Well, similarly to Sabin, Tenilllina was also at Ring of Honor until an injury sidelined her from in ring competition back in the Fall of 2018. 

She returned to in-ring action at a Black Label Pro promo this Saturday – and then it was announced last night that she has signed with Impact.

She’ll debut for the company in August at tapings in Mexico City.

She definitely seemed like someone who would have been on AEW’s shopping list too, so this move by Impact may well have dashed their hopes of wood – which sounds grosser than it actually is. They didn’t get Emma…

But they did get hung… Hangman Page. Who may not have got the memo about wins and losses mattering.

He made an appearance on Busted Open Radio to chat all things AEW, but when asked if he could still get over in a loss to Chris Jericho at All Out he said:

“Yeah, I think so. My plan from the beginning has been to be the first champion, but I think [I can get over in a loss], People want to watch and have characters that they can follow their character’s stories for a long time and relate to them in some type of way. I don’t think someone has to win every single match to create a connection with the fans. My career is a testament to that. I’m pretty sure I had a piss poor [win-loss] record, even in Ring of Honor. I don’t think that’s the thing that necessarily gives you a connection with the fans.”

This is why you’re not an Executive Vice President Adam, gotta tow that company line, you’re a hangman you should be good with ropes.

Thankfully he clarified before Cody and the Bucks sent him the way of Adam Cole:

“Yes [wins and losses matter]. I guess that sounds contradictory to what I was just saying. I think they matter in the confines of, if you lose this match, where do you go in terms of position of the card. But in connecting with fans, I don’t think [wins and losses] necessarily matter in that way.”

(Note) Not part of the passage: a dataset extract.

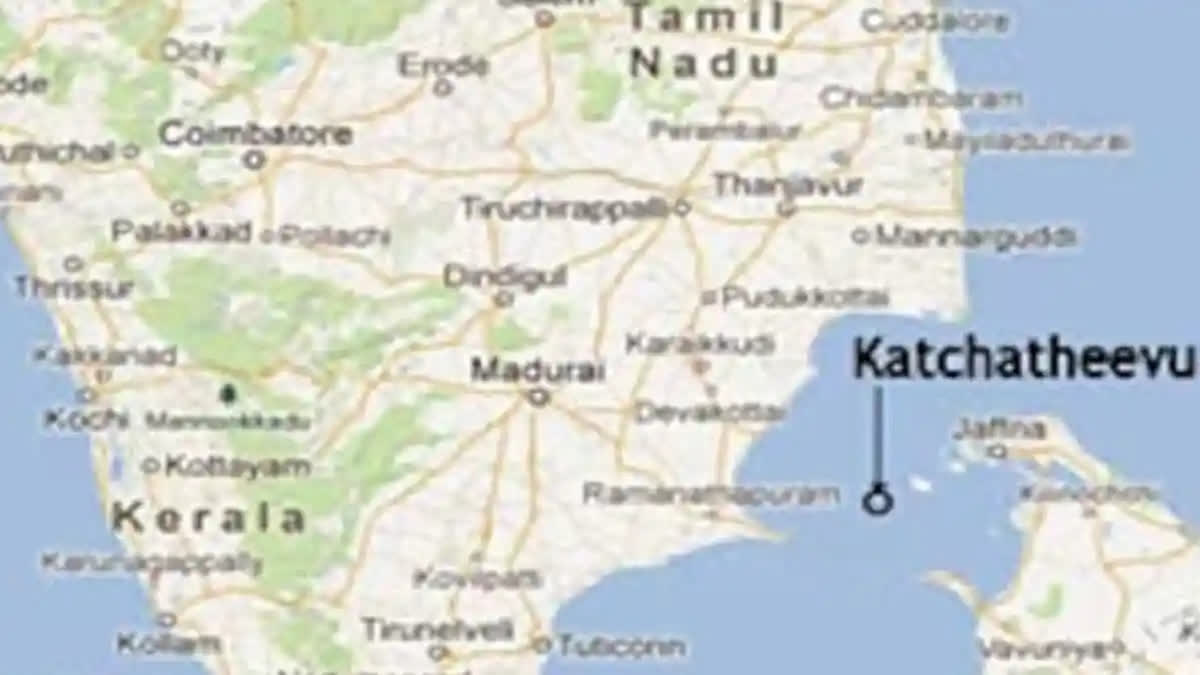 The issue of Katchatheevu, a small island that the Indian government gave to Sri Lanka in 1974 when then Prime Minister Indira Gandhi accepted the island as Sri Lankan area under the Indo-Sri Lankan Maritime agreement.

Somewhere where it seemed like wins and losses have finally started mattering is on Raw, just ask Drake Maverick, all those losses have turned him into an incel. 

Raw this week was actually really good. And we may have found the reason why.

Ahead of the show on Figure Four Online sneaky whisper monger Dave Meltzer wrote: 

“We’ll see if this is for the better or the worst, but tonight’s Raw is the heaviest Paul Heyman influenced show to date. I had that feeling when I heard about the gauntlet match since he’s trying to make new stars and the gauntlet is really what created Kofi Kingston as a singles main eventer and another gauntlet helped Seth Rollins greatly.  But it’s pretty much confirmed the idea that they will attempt to make one or more stars in that match.”

And make stars they did, with pretty much everyone in that gauntlet match looking great, a really cool title change with the Raw Tag belts and Cedric Alexander finally not looking like such a freaking dweeb with that awesome spot form the top of the titantron.

If this is a sign of things to come in the Heyman era, sign me up.